Scalable codecs are supported by all Samsung earbuds (Galaxy Buds, Galaxy Buds+, Galaxy Buds Live, Galaxy Buds Pro, and Galaxy Buds 2). The new Samsung Seamless Codec supported by Galaxy Buds Pro 2 (and Galaxy S23), is just a new version of Scalable Codec. In some regions, it is not listed as a new codec.
LDAC codec is supported by some Sony headphones (e.g., WH-1000XM series) and earbuds (e.g., WF-1000XM4/XM5 series). You can enable Hi-Res audio when using these headphones or earbuds with Galaxy S23.
51. Bluetooth audio codec
You can only choose Bluetooth audio codec after the headset is connected to Galaxy S23.
By default, Galaxy S23 will try AAC and SBC, not the HD codecs (aptX, LDAC, or Scalable/Seamless).
Once the headset is connected to Galaxy S23, you can then change the codec in the Bluetooth settings for some connected devices.
52. Bluetooth Audio sample rate
This option depends on the active audio codec.

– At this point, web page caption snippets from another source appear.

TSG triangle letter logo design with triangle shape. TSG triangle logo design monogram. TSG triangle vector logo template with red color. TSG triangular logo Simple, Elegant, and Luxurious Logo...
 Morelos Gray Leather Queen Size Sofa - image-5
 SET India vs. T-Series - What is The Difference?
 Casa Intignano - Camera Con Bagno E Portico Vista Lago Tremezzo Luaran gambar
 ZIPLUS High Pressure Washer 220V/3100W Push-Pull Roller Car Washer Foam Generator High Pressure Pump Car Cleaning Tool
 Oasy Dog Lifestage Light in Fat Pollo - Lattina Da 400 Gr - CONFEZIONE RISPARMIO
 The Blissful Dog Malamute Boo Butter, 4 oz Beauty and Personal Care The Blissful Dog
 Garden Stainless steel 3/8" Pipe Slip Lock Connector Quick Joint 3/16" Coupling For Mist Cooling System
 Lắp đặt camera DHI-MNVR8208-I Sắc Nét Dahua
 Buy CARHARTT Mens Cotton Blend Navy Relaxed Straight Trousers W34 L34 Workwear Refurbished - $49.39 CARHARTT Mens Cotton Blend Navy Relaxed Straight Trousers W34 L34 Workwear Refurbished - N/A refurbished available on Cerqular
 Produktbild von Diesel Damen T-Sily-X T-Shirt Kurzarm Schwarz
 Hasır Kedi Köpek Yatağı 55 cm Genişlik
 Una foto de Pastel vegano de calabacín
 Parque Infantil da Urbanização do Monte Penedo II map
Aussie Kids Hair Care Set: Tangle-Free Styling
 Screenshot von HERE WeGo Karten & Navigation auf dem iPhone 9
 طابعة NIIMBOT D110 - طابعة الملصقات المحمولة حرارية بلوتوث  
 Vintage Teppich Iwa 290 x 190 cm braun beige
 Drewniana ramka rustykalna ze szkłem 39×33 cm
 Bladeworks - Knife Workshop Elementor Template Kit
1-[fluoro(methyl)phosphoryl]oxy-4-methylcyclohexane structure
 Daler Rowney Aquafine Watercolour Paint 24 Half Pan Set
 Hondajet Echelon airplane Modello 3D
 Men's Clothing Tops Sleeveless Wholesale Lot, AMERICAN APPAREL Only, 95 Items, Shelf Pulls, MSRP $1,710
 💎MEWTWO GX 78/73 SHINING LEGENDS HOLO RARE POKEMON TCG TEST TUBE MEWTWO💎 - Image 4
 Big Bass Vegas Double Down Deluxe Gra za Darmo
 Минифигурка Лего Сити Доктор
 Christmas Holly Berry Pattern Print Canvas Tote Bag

So, you can only change it after a headset is connected to Galaxy S23.
53. Bluetooth audio bits per sample
You can only change it after a headset is connected to Galaxy S23.
54. Bluetooth audio channel mode
You can only change this option after a headset is connected to Galaxy S23.
By default, the most connected headsets are stereo.
55. Bluetooth audio LDAC codec
You can only change this option after a supported headset is connected to Galaxy S23.
By default, when LDAC codec is enabled, the playback quality is in the Best Efforts (adaptive bitrate). As explained in this guide, you need to manually change it to 990kbps/909kpbs to enjoy the real Hi-Res Audio.
56. Bluetooth PBAP
You can choose the Phone Book Access Profile (PBAP) 1.2 or 1.1.
57. Bluetooth SAP activation (New in Android 13)
SAP, SIM Access Profile, allows a Bluetooth-enabled device to access data contained in the SIM card of another Bluetooth-enabled device.
This option lets you control the activation by either turning on by force or turning off by force, as shown in the screenshot below.
58. NFC stack debug log (New in Android 13)
This option allows you to increase the NFC stack logging level.
The following 2 entries (#59-#60) are under the input group of Galaxy S23 developer options, as shown in the screenshot below.
59. Show taps
This option lets you show visual feedback for taps.
60. Pointer location
This option allows you to overlay information on the current touch location.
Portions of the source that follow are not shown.